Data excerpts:
-- -- --

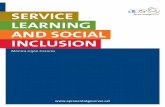 SERVICE LEARNING AND SOCIAL INCLUSION ... learning and social inclusion processes 5 Promoting social inclusion processes is not an isolated responsibility to be assumed by specialised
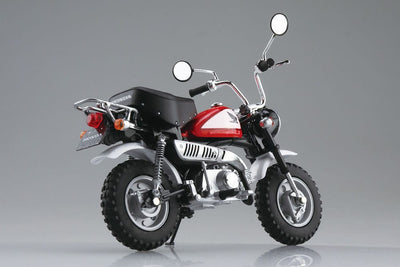 Diecast Bike Series Statue 1/12 Honda Monkey Limited Fighting Red 11cm - Scale Statue - Aoshima - Hobby Figures UK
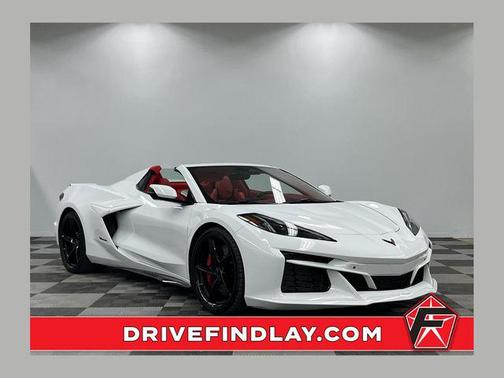 Arctic White 2025 Chevrolet Corvette E-Ray RWD Convertible 3LZ
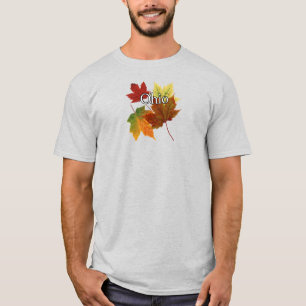 Camiseta Hojas de otoño en Ohio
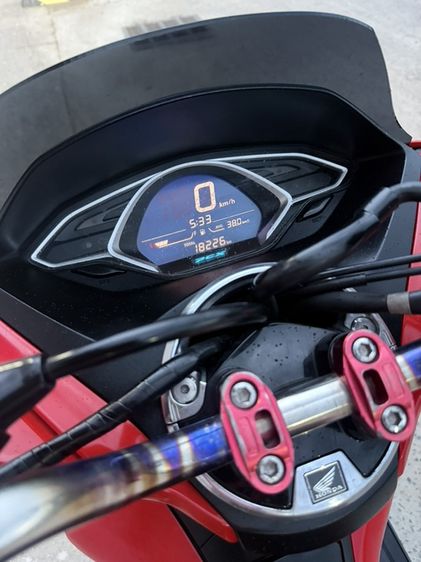 Honda PCX 2019 แดงสภาพสวย ไมล์น้อย หมื่นกว่าๆ ใช้งานได้ปกติ รถบ้าน รูปที่ 12
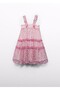 5055 Abel&Lula Girl's Pink Dress - 3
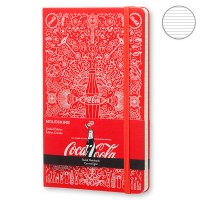 Блокнот Moleskine Coca-Cola средний красный LECOQP060 Блокнот Moleskine Coca-Cola средний красный LECOQP060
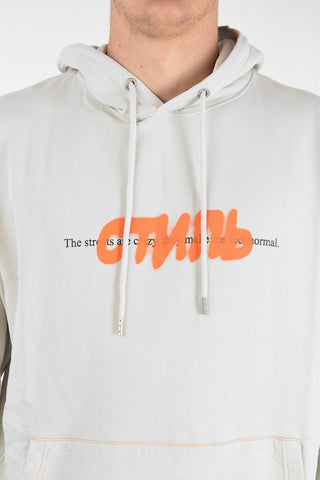 Hooded Sweatshirt with Spray Pack Details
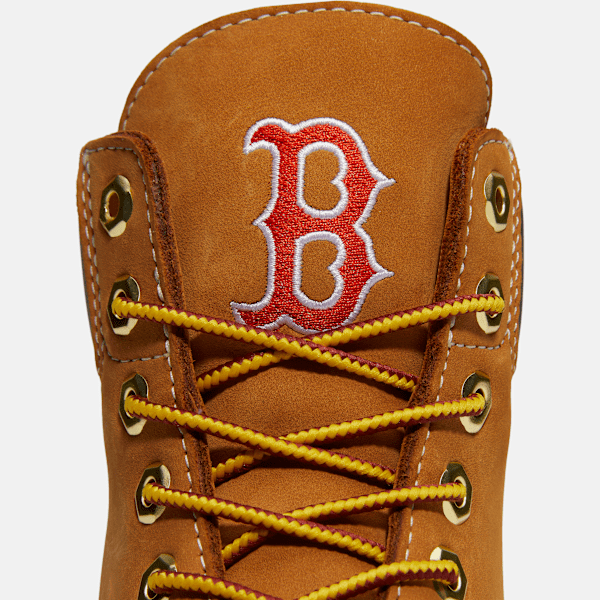 Timberland X New Era Red Sox 6-Inch Waterproof Boot Wheat Red Sox Men'S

-- -- --

Try it — Omit the pictures and please write out exactly the lines between the one containing "Блокнот Moleskine Coca-Cola средний красный LECOQP060 Блокнот" and the last line of the entries, both included.

Answer section —
 Блокнот Moleskine Coca-Cola средний красный LECOQP060 Блокнот Moleskine Coca-Cola средний красный LECOQP060
 Hooded Sweatshirt with Spray Pack Details
 Timberland X New Era Red Sox 6-Inch Waterproof Boot Wheat Red Sox Men'S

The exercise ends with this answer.